What you are asked to do:
Your reply should consist of one number: how many lines below contain "Grand".
*** Records shown ***
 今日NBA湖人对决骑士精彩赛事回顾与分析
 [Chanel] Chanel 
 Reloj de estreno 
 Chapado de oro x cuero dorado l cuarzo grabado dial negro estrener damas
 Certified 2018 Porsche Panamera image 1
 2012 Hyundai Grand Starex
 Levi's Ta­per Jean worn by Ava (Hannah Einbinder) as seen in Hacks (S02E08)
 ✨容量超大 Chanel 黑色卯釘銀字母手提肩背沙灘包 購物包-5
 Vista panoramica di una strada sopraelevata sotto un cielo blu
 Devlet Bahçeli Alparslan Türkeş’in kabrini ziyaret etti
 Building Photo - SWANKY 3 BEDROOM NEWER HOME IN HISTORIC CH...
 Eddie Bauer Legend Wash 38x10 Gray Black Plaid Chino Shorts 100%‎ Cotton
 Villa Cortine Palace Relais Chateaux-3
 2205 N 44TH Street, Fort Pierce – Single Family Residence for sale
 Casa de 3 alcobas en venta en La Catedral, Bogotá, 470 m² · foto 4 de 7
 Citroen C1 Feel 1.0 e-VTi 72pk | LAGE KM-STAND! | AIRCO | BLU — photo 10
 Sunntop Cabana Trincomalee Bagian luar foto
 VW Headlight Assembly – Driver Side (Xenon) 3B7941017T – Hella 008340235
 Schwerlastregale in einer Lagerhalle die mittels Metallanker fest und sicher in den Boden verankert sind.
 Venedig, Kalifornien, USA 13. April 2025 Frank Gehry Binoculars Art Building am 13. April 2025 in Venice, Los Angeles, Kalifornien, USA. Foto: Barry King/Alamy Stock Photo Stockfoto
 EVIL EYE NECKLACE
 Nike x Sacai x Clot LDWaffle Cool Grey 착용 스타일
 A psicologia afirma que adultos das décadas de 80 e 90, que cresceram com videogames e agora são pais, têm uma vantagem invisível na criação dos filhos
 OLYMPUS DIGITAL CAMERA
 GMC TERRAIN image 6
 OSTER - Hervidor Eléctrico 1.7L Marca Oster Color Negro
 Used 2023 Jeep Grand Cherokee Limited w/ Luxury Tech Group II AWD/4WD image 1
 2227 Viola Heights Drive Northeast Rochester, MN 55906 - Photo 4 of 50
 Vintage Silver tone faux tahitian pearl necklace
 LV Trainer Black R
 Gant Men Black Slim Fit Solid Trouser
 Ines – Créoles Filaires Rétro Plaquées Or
*** End of Records shown ***
Reply to the task:
2